歌声ライブラリは「ユニティちゃん」のオリジナルボイス

 なお、「VOCALOID SDK for Unity」と「Unityランタイム版VOCALOID Library unity-chan!」は、制作されるコンテンツが「ユニティちゃんライセンス条項」に準拠すれば無償で利用できる。

 VOCALOID SDK for Unityには、Windows 7/8/10、Mac OS X 10.10/10.11、iOS 8.4/9.1 上で動作するマルチプラットフォーム対応の歌声合成エンジンを組み込んでいる。歌声合成エンジンは、様々なコンテンツで軽快に動作するよう最適化され、コンテンツ内での機敏なレスポンスとコンテンツの軽量化の両立を実現したという。将来バージョンではAndroidへの対応も予定している。

 歌声合成エンジンは、プラットフォームごとのネイティブプラグインとして提供。C#のインターフェイスを介して歌声合成エンジンを利用できる。

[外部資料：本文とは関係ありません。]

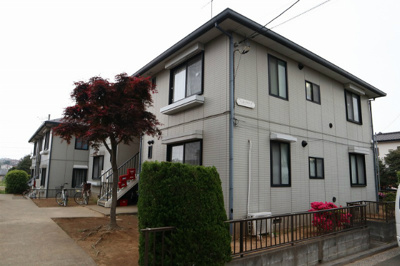 【外観】 | イーストプラザB【SHM】 | 積水ハウス施工の賃貸住宅シャーメゾン♪グリーンライン「北山田」駅より徒歩圏内！小学校や中学校・公園が近くてお子様のいるファミリーさんには嬉しい住環境です☆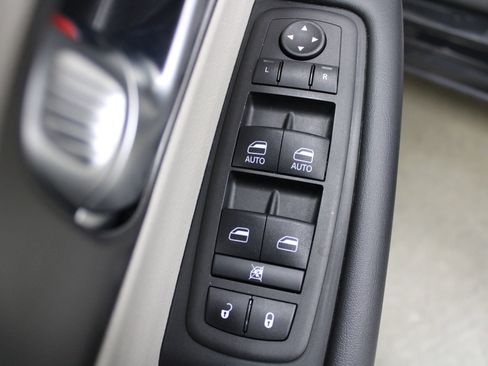 Used 2024 Chrysler Pacifica Limited FWD image 46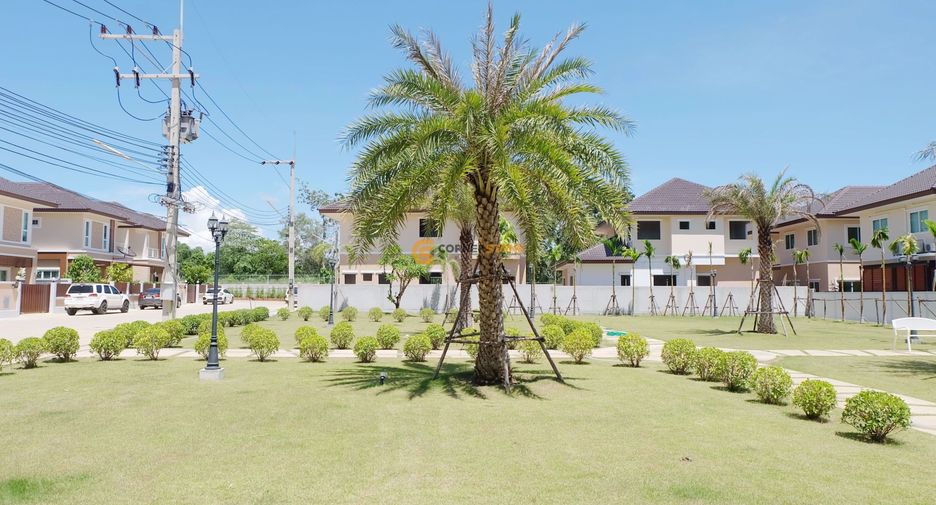 Casa en alquiler de 3 habitaciones en Bang Lamung, Chonburi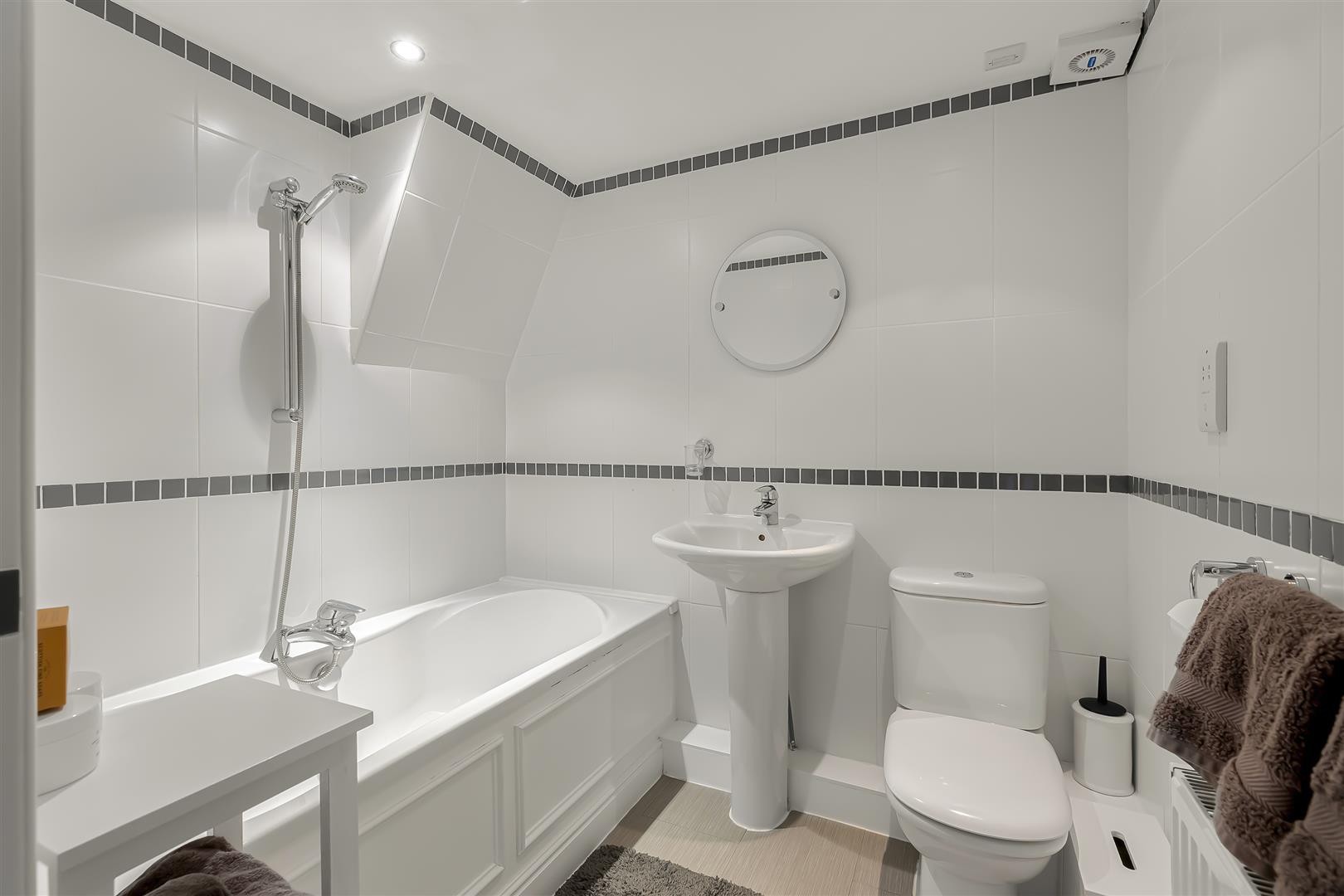 Home Farm Mews, Menston image 40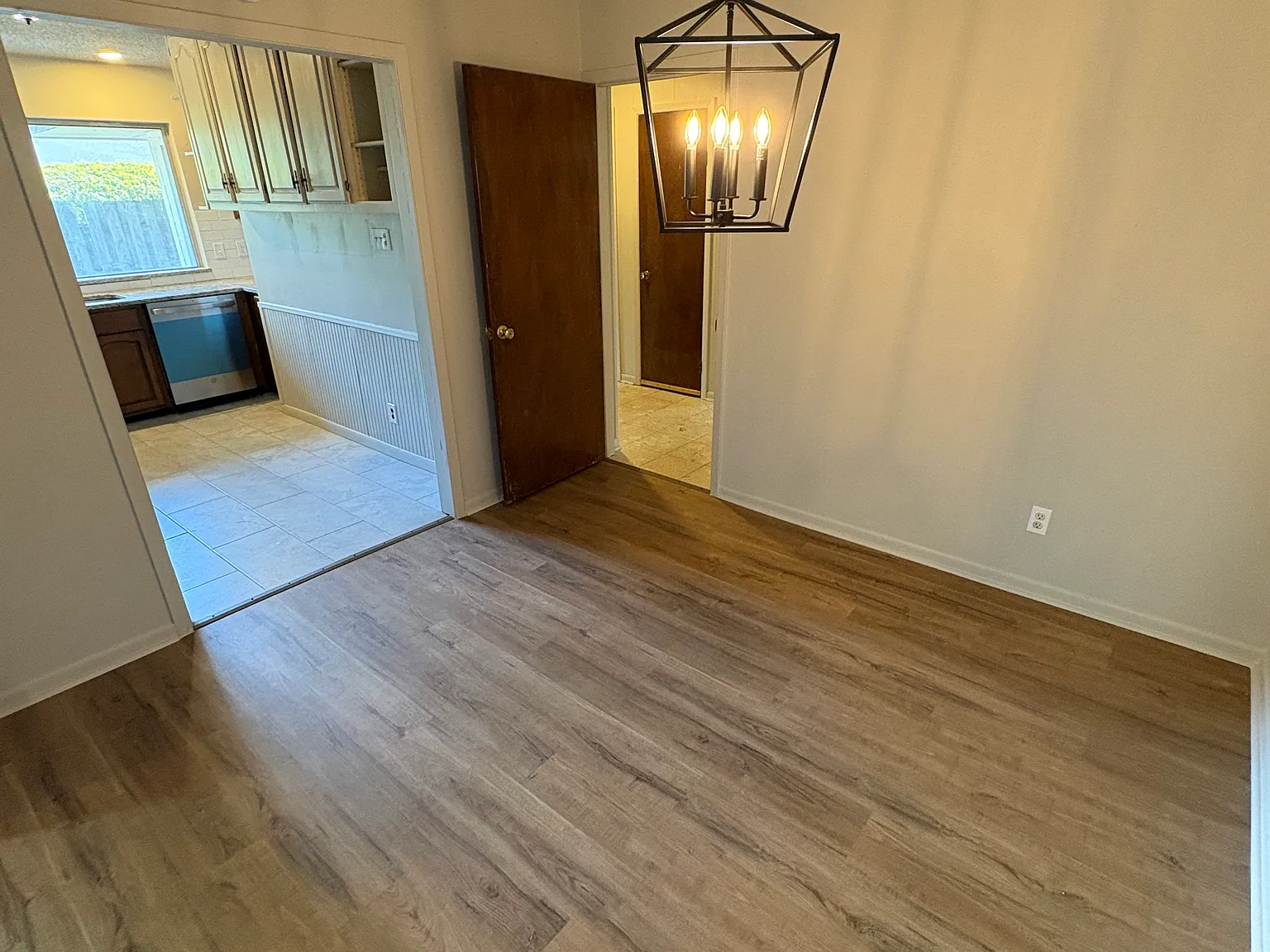 2 bed, 1140 sqft, $1,700 — Photo 4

VOCALOID SDK for Unityの概要図

 歌声の合成は、歌詞やメロディー、調声パラメータ、シンガー(歌声音源)などから構成されるシーケンス情報をもとに行なう。シーケンス情報は、アプリケーション内で直接生成するほか、別途パソコンやiOSデバイス用のVOCALOIDで制作されたVSQ/VSQXデータを読み込んで利用することもできる。全てのシーケンス情報はプログラム上で操作/編集でき、歌声を使った様々な演出や表現ができるという。

歌詞やメロディーなどのシーケンス情報から歌声を合成、プログラム上で自由に編集できる

 歌声合成モードは「Playbackモード」と「Realtimeモード」の2つを用意。「Playbackモード」は、一定の先行時間(500ミリ秒+α)を設けた上で歌声の明瞭度や音質を優先して合成するモードで、ボーカルフレーズに豊かな表情や変化を与えて歌わせたい場合などに利用。「Realtimeモード」は、リアルタイム性を最優先して合成するモードで、歌声を利用したリズムゲームや楽器アプリケーションなどに適している。